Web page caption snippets
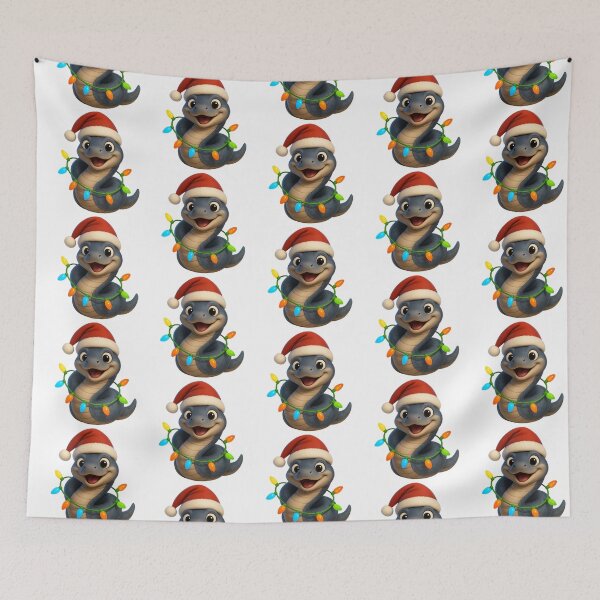 Item preview, Mussurana Snake Christmas Lights designed and sold by Sillytoe.
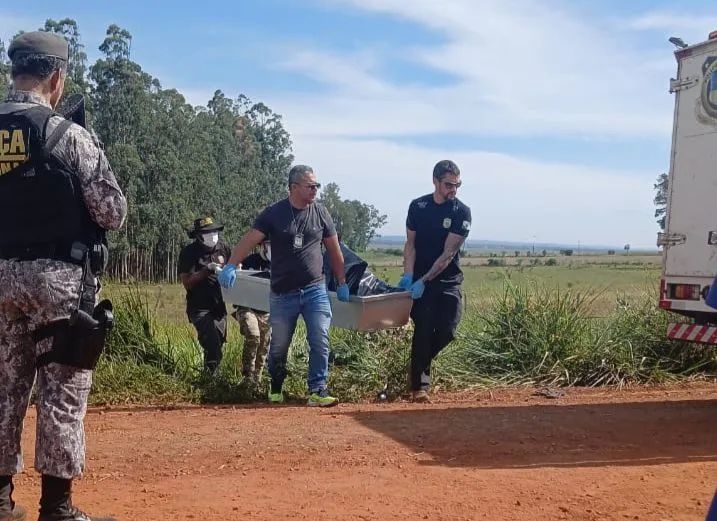 Polícia Federal divulga nota sobre indígena decapitado em Guaíra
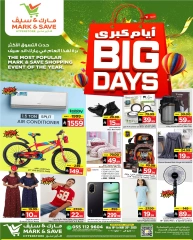 Page 4 in Big Days Offers at Mark & Save Saudi Arabia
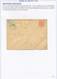Delcampe - Montenegro - Ganzsachen: 1887/1910, Collection Of 20 Entires (mainly Stationeries And Three Franked - Montenegro
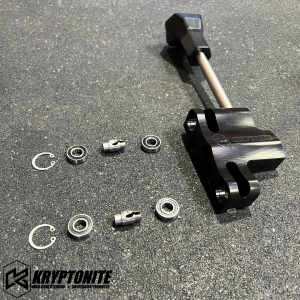 Kryptonite - KRYPTONITE DEATH GRIP SHIFTER 2022+ POLARIS PRO R - Image 5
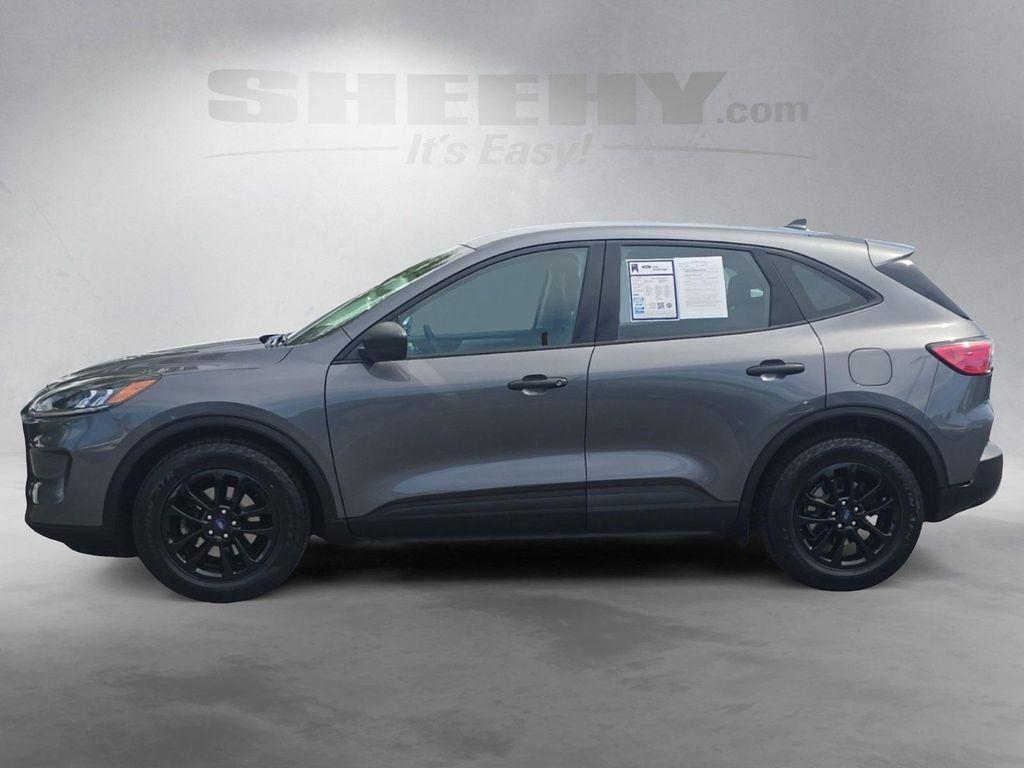 used 2022 Ford Escape car, priced at $17,775
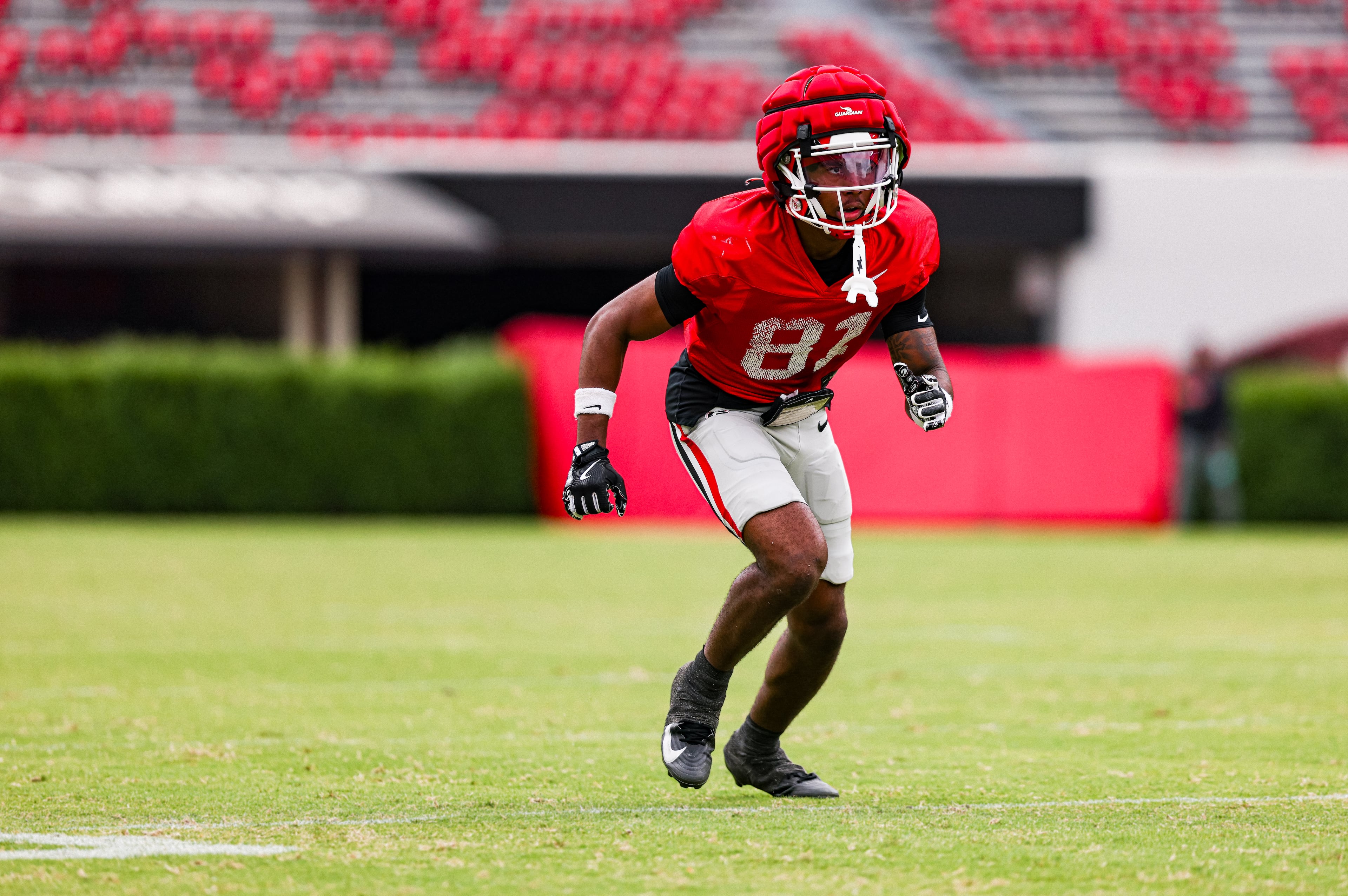 260404 - Georgia Football Spring Practice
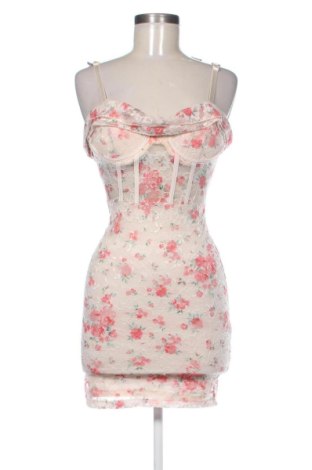 Rochie Bershka, Mărime S, Culoare Multicolor, Preț 89,23 Lei, #137736628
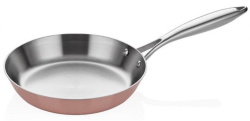 Сковорода для подачи Altin Basak Multi-Metal Copper Elite 1,70 л, H 43,6 мм, D 260 мм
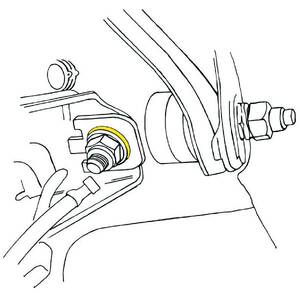 Alignment Caster / Camber Washer Kit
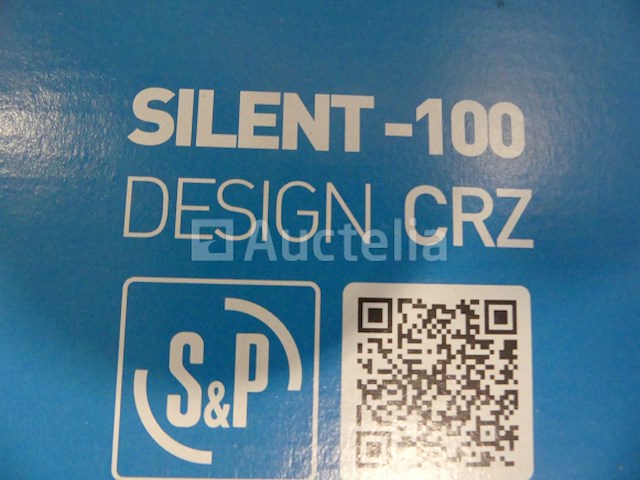 Silent100 toilet en badkamerbeluchter - afbeelding 4 van  5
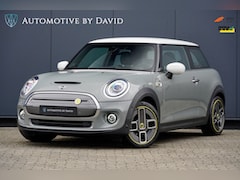 MINI Mini-Electric - 184 pk CHARGED 33 kWh AUTOMAAT / HARMAN KARDON / LEDER / CAMERA / HEAD UP DISPLAY / STOELV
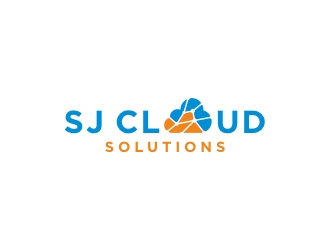 SJ Cloud Solutions logo design by CreativeKiller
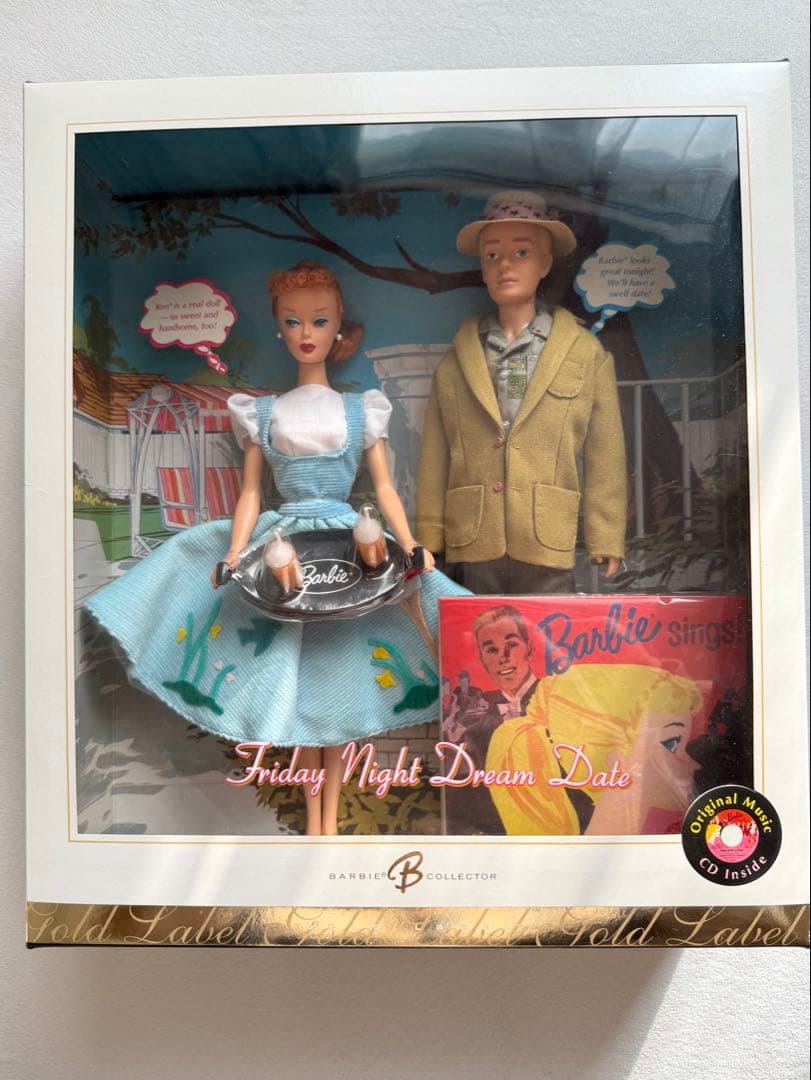 バービー フライデー・ナイト・ドリーム・デート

About this task -
Each line from the one containing "MINI Mini-Electric - 184" through the final line of the data must be reproduced exactly, both ends included, with no pictures in the copy.

Written reply -
 MINI Mini-Electric - 184 pk CHARGED 33 kWh AUTOMAAT / HARMAN KARDON / LEDER / CAMERA / HEAD UP DISPLAY / STOELV
 SJ Cloud Solutions logo design by CreativeKiller
 バービー フライデー・ナイト・ドリーム・デート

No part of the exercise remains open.